Hello Everyone  Thanks for reading my post..

Last year I bought a 1984 Fleetwood Prowler. I never registered it (Im in NJ) and I lost the title. Now, I have to go through an abandoned vehicle process, but I cannot find the VIN anywhere on my Prowler :shrug:

I've looked all over the outside, chassis, and in the door frame. I cannot find it anywhere! Was wondering if anyone who had the same/similar camper could help me out?

The guy at the DMV said it may not even have a VIN because it's from 1984.. but I'm pretty sure it does beings the guy I bought it from had it tagged and registered. 

If anyone could help, I'd very much appreciate it! Thanks!


----------



## edwinjd (Sep 8, 2011)

Welcome to the forum, fleetwoodprowler.

Usually, the VIN is found tongue portion of the trailer or the front portion of the frame. In some trailers, it can be found in the large support that extends up where the propane tank sits. Not sure why some trailer manufacturers do that, but you can also check that area.

VINs on these models were just usually stamped on the RV, and it can make it more difficult to find, especially if the trailer has been repainted a couple of times. You may want to try running some chalk over the tongue of your trailer.
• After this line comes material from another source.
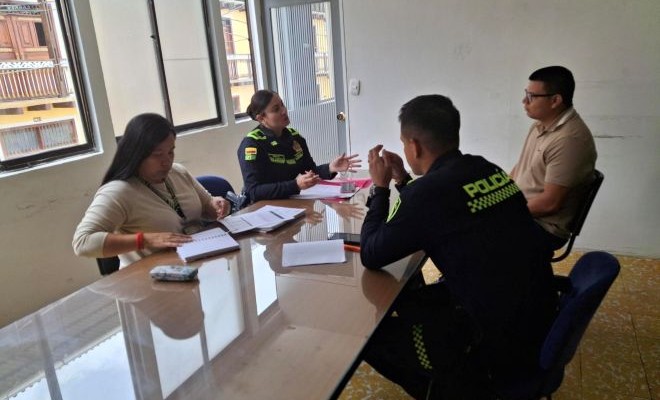 secretario de gobierno pueblo rico, gestora gestora territorial policia y dos uniformados de la policia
It might yield something.

Hope it helps.


----------



## PhilnJill (Aug 3, 2011)

good advice but also if there is rust on the tongue/frame you can use a drill with a wire wheel to remove the rust exposing a hidden set of identification numbers. if you do use a wire wheel on a drill be sure to wear safety glasses.


----------



## edwinjd (Sep 8, 2011)

PhilnJill said:


> good advice but also if there is rust on the tongue/frame you can use a drill with a wire wheel to remove the rust exposing a hidden set of identification numbers. if you do use a wire wheel on a drill be sure to wear safety glasses.


Also choose a very fine wire wheel. The coarse ones might also scrape the VIN along with it.


----------